Our data and previously published data (20
) show that TGF-β does not exert its immune suppressive effects via the down-modulation of CD16 surface expression on human NK cells. Other activating NK receptors such as NKp30 and NKG2D are down-modulated by TFG-β (20
), and TGF-β down-modulates the CD16-associated γ-chain, which consequently results in lower surface density expression of CD16 in monocytes (36
A relatively short-term treatment of primary NK cells with TGF-β does not modulate ADCC, which is consistent with results reported for natural cytotoxicity (19
). However, we did see a relatively profound reduction in ADCC following a prolonged incubation of primary human NK cells with TGF-β. Based on previously published work with NK cells (37
), it would be reasonable to speculate that one component likely contributing to this reduction in NK cell ADCC is a TGF-β1-mediated diminution in proteins responsible for cytolysis, such as perforin and granzyme A. TGF-β is also known to suppress these same molecules in CD8 CTLs (38
). Indeed, we observed a significant inhibition of granzyme A and granzyme B mRNA and protein expression in primary human NK cells treated with TGF-β, and this effect was enhanced in NK-92 cells by overexpression of SMAD3. We also observed an inhibition of perforin 1 mRNA, but this was not seen at the protein level. This could possibly be explained by a relatively high degree of perforin 1 protein stability. Lee et al. have reported that TGF-β does not affect perforin 1 protein levels in cultured primary human NK cells (40
). Thus, it appears that TGF-β inhibits human NK cell ADCC at least in part by suppressing granzyme A and granzyme B protein expression, and it does so via SMAD3.

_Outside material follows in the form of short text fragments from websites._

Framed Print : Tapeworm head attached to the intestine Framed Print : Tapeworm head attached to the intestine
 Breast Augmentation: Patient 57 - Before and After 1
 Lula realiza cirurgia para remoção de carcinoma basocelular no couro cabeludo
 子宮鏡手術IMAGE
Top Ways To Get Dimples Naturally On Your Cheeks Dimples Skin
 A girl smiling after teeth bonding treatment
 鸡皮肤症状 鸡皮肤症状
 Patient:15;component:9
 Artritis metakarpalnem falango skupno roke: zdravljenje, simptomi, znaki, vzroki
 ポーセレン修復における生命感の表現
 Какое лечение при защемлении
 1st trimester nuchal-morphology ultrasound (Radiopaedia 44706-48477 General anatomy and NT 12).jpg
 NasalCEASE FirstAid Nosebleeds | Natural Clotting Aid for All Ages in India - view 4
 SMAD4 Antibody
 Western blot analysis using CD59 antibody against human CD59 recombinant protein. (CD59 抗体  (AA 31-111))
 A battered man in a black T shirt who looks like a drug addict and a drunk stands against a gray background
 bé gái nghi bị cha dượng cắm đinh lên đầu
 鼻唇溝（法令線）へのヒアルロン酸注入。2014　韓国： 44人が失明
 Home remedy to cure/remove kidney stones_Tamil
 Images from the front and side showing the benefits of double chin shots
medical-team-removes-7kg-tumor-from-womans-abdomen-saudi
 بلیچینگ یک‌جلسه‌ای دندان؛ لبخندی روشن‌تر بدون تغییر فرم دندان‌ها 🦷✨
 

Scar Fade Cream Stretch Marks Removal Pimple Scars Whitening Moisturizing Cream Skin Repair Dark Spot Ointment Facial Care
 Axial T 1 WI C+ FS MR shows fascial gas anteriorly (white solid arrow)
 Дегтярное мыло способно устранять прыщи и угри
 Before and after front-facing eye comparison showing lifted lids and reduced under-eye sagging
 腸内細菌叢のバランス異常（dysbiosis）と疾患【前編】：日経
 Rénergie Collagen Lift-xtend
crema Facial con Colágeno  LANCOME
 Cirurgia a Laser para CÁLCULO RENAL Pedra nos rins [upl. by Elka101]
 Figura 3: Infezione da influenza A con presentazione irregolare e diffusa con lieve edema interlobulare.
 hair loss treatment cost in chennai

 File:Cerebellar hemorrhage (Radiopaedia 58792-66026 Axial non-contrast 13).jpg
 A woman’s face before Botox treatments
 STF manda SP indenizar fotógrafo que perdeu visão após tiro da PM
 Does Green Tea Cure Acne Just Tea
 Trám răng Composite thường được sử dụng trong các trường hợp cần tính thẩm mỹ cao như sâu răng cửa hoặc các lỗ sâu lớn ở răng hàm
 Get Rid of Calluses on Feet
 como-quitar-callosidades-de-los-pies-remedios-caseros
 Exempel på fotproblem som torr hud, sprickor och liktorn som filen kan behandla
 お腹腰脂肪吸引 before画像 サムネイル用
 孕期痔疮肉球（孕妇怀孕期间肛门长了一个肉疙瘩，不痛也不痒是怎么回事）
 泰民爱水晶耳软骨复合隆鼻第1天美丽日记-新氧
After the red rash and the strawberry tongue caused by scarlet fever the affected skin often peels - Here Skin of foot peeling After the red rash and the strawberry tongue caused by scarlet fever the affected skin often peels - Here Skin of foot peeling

The suppression of ADCC observed following prolonged exposure of IL-2-stimulated primary human NK cells to TGF-β is not without clinical relevance. Several clinical studies that have assessed the antitumor efficacy of the anti-CD20 mAb rituximab for the treatment of low-grade lymphoma strongly suggest that polymorphisms that enhance CD16 engagement of the IgG1 Fc-binding domain are important for the mediation of ADCC in vivo (31
). Given this, and the ability of proinflammatory cytokines to enhance ADCC in vivo, a phase II study of rituximab infusion with concomitant administration of intermediate-dose IL-2 to activate CD16+
NK cells was undertaken in an effort to determine whether enhanced ADCC could improve clinical outcome. All patients had previously failed therapy with rituximab alone. Despite in vivo expansion of NK cells and achievement of IL-2 concentrations that activate NK cells, no clinical benefit was observed (44
). One potential explanation for this finding was the observation that there was a concomitant expansion of CD4+
regulatory T cells in this study, as has been noted in other studies using low-intermediate doses of IL-2 (44
). Regulatory T cells are known to constitutively express TGF-β (47
), so it is conceivable, if not likely, that the chronic exposure of IL-2-activated NK cells to TGF-β via the regulatory T cell expansion contributed at least in part to an in vivo suppression of NK ADCC. From these data one might surmise that neutralization of TGF-β (48
) or elimination of regulatory T cell expansion (50
) would result in enhanced efficacy of activated NK cell ADCC over that of rituximab Ab therapy alone in this patient population. Another alternative might be to activate NK ADCC with a cytokine that does not appear to expand regulatory T cells (52
). A clinical trial testing this approach is currently underway with IL-21.